[[ Data open ]]

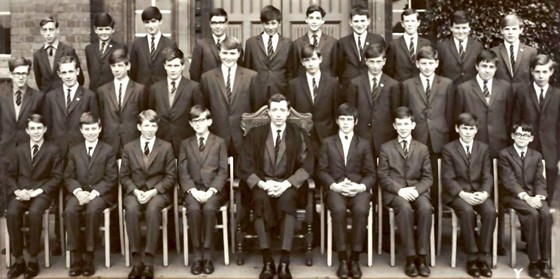 Walter is on the far left in the middle row, wearing glasses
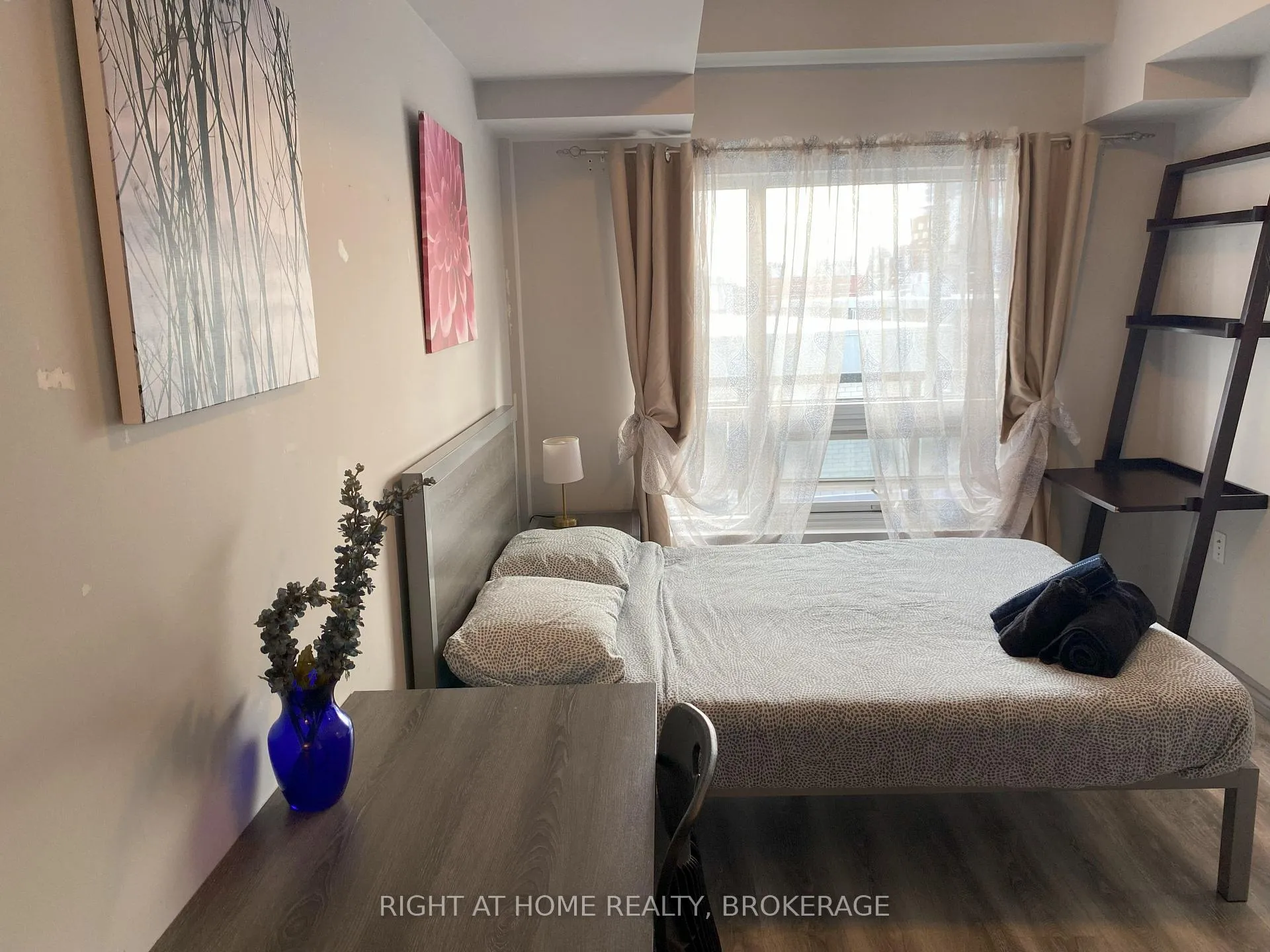 Photo 15 of Unit B510, 275 Larch Street, Waterloo, Downtown Waterloo — HOMEH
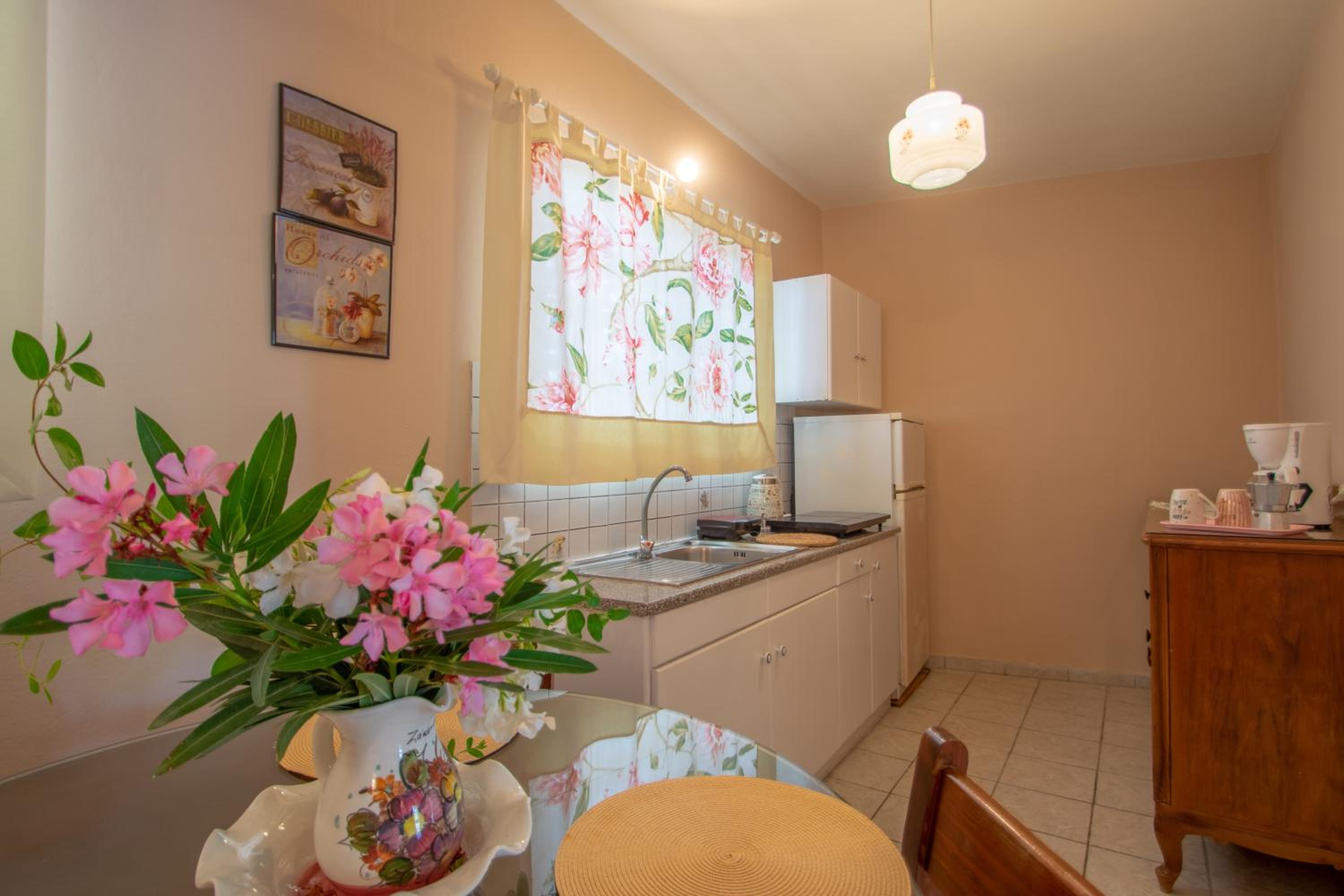 Фото Villa Daizy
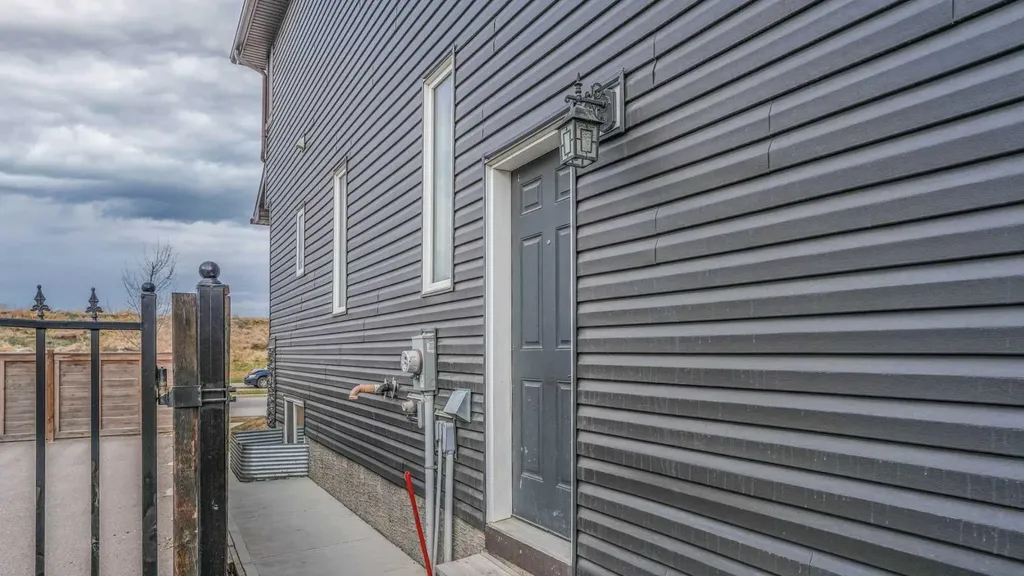 435 Savanna Boulevard NE Calgary AB T3J0X2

[[ Data closed ]]

#### What needs to be done:
The response should reproduce all the material above exactly and leave out its pictures.

#### Expected answer:
 Walter is on the far left in the middle row, wearing glasses
 Photo 15 of Unit B510, 275 Larch Street, Waterloo, Downtown Waterloo — HOMEH
 Фото Villa Daizy
 435 Savanna Boulevard NE Calgary AB T3J0X2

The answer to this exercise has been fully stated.